Copy-Move Forgery Detection Based on PatchMatch

Authors: Marien Renaud, Gonzague de Carpentier

This repository contains a Python implementation of the algorithm described in “Copy-move forgery detection based on PatchMatch”, Cozzolino et al., 2014 [4]. The image database used to test the algorithm comes from the authors' website. All code of the repository is authored by Marien Renaud and Gonzague de Carpentier.

Usage

The main file of the directory is patchmatch.py. It is a stand-alone file (it can be moved to any directory and will still work) and has as only dependencies numpy, matplotlib and numba. It contains the class PatchMatch that enables to run the PatchMatch algorithm.

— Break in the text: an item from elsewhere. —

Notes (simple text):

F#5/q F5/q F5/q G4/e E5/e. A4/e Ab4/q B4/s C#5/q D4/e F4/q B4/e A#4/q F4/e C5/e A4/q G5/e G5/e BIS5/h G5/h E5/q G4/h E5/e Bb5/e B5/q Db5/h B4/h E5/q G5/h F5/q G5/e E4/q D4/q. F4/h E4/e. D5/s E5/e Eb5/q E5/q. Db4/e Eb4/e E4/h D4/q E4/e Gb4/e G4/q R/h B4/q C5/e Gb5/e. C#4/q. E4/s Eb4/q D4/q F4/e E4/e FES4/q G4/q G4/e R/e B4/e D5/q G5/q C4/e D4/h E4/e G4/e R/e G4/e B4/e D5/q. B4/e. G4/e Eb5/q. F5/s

Here is an example of how to use it.

import numpy as np
import matplotlib.pyplot as plt
from PIL import Image

import patchmatch as pm

# Load example image
im = Image.open("data/CMFD_DB/TP_C02_007_copy.png")
im = np.array(im).astype("double")

# Instantiate PatchMatch and compute Zernike moments
a = pm.PatchMatch(
    im,  # image
    p=10,  # patch half-size
    max_zrd=6,  # maximum Zernike degree
    min_dn=64,   # minimum displacement norm (previously T)
    n_rs_candidates=5,   # number of candidates in the random search phase (previously L)
    init_method=2,  # whether to use create_vect_field1 or create_vect_field2
    zernike=True  # whether to use Zernike moments
)

# Run 5 PatchMatch iterations
a.run(5)

# Get resulting displacement field
print(a.vect_field.shape)

Other examples can be found in the jupyter notebooks of the notebooks directory.

Other Python files

The file postprocessing.py contains functions to post-process the displacement field computed by PatchMatch and translate it into a mask of detected copy-moved areas.

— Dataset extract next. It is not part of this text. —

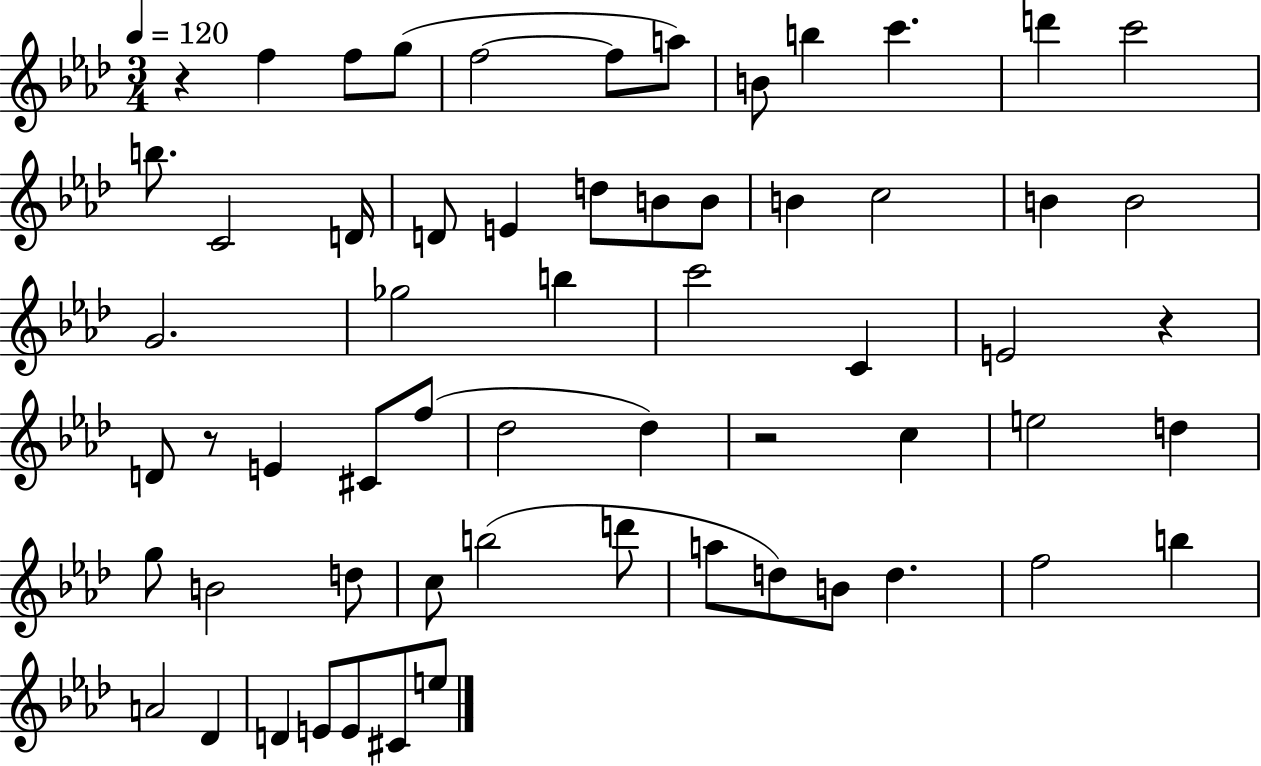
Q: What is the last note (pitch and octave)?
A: E5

The file evaluate.py is a script to evaluate PatchMatch on the entire test database located at data/CMFD_DB/ and store the results in a results/ directory. This script is designed to be easily parallelizable on several cores and several machines. The results can than be loaded in the notebooks to make some plots out of them.

Notebooks

• individual_experiments.ipynb runs PatchMatch on some individual examples and plots the results.
• zernike_moments.ipynb plots the Zernike filters computed by the PatchMatch class.
• evaluation_on_database.ipynb plots results on test database generated by evaluate.py.
• fscore_evolution.ipynb plots the evolution of the F-measure along the iterations of PatchMatch. It loads the results generated by evaluate.py.

References

[1] Connelly Barnes et al. “PatchMatch: A Randomized Correspondence Algorithm for Structural Image Editing”. 2009.

[2] Connelly Barnes et al. “The Generalized PatchMatch Correspondence Algorithm”. 2010.

[3] Davide Cozzolino et al. “Copy-move forgery detection based on PatchMatch”. Oct. 2014.

[4] Davide Cozzolino et al. “Efficient Dense-Field Copy–Move Forgery Detection”. Nov. 2015.

[5] Thibaud Ehret. “Automatic Detection of Internal Copy-Move Forgeries in Images”. July 25, 2018.

[6] Amir Tahmasbi et al. “Classification of benign and malignant masses based on Zernike moments”. Aug. 2011.

[7] Yongqing Xin et al. “Accurate Computation of Zernike Moments in Polar Coordinates”. Feb. 2007.